On Fri, Apr 26, 2019 at 11:33:09AM +0000, Reshetova, Elena wrote:
> Adding Eric and Herbert to continue discussion for the chacha part.
> So, as a short summary I am trying to find out a fast (fast enough to be used per syscall
> invocation) source of random bits with good enough security properties.
> I started to look into chacha kernel implementation and while it seems that it is designed to
> work with any number of rounds, it does not expose less than 12 rounds primitive.
> I guess this is done for security sake, since 12 is probably the lowest bound we want people
> to use for the purpose of encryption/decryption, but if we are to build an efficient RNG,
> chacha8 probably is a good tradeoff between security and speed.
>
> What are people's opinions/perceptions on this? Has it been considered before to create a
> kernel RNG based on chacha?

Well, sure. The get_random_bytes() kernel interface and the
getrandom(2) system call uses a CRNG based on chacha20. See
extract_crng() and crng_reseed() in drivers/char/random.c.

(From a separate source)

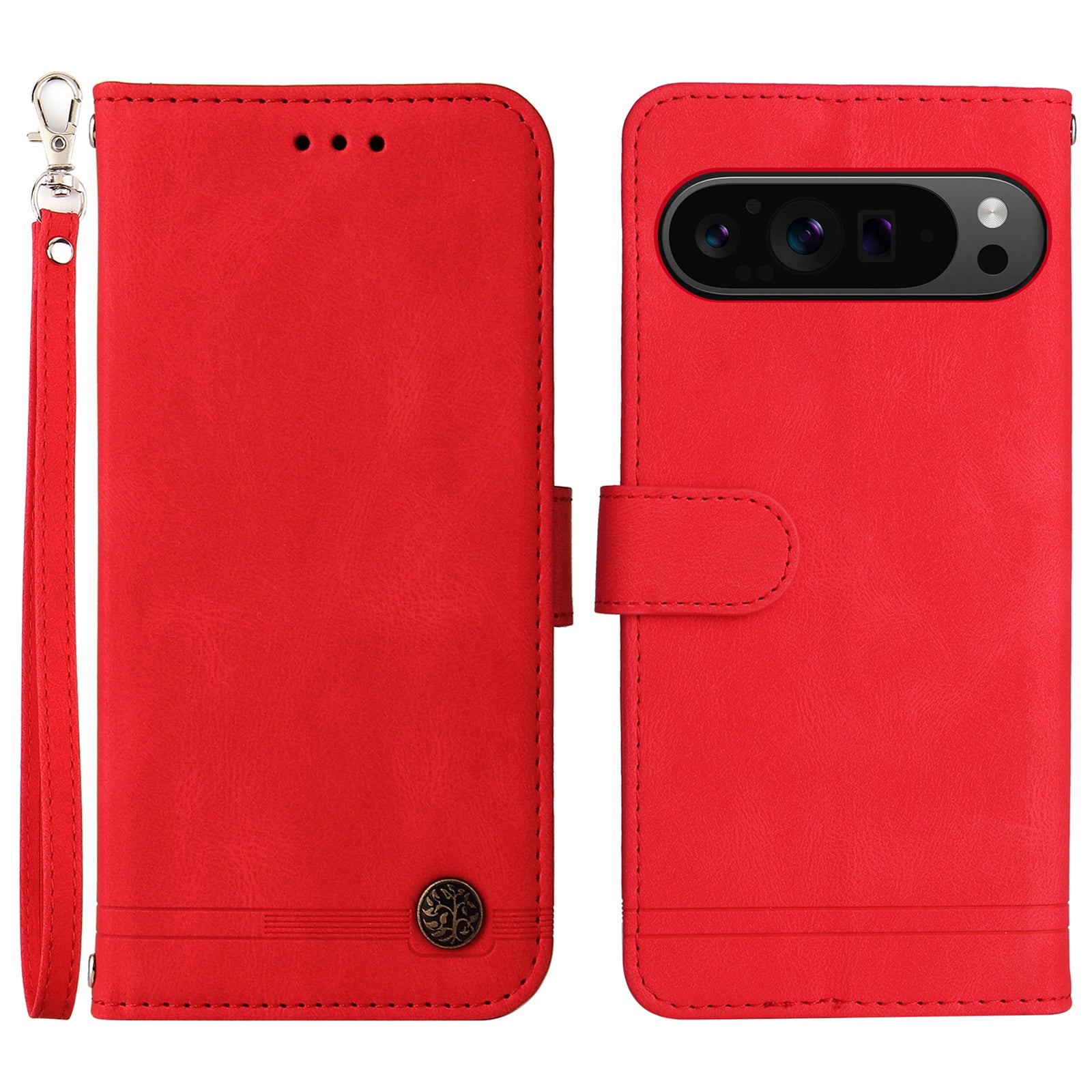 For Google Pixel 9 Pro Case Wallet PU Leather Phone Cover Lines Imprinted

It *is* possible to use an arbitrary number of rounds if you use the
low level interface exposed as chacha_block(), which is an
EXPORT_SYMBOL interface so even modules can use it. "Does not expose
less than 12 rounds" applies only if you are using the high-level
crypto interface.

We have used cut down crypto algorithms for performance critical
applications before; at one point, we were using a cut down MD4(!) for
initial TCP sequence number generation. But that was getting rekeyed
every five minutes, and the goal was to make it just hard enough that
there were other easier ways of DOS attacking a server.

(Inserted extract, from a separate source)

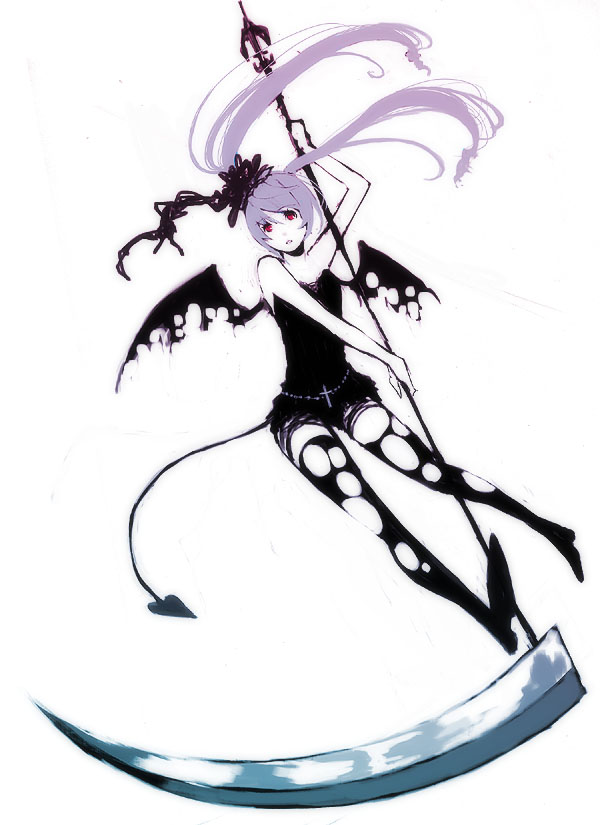 alternate_costume bad_id bat_wings black_legwear blue_hair hair_ribbon hatsune_miku long_hair red_eyes ribbon scythe simple_background solo tail thigh-highs thighhighs torn_clothes twintails vocaloid wings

I'm not a cryptographer, so I'd really us to hear from multiple
experts about the security level of, say, ChaCha8 so we understand
exactly kind of security we'd offering. And I'd want that interface
to be named so that it's clear it's only intended for a very specific
use case, since it will be tempting for other kernel developers to use
it in other contexts, with undue consideration.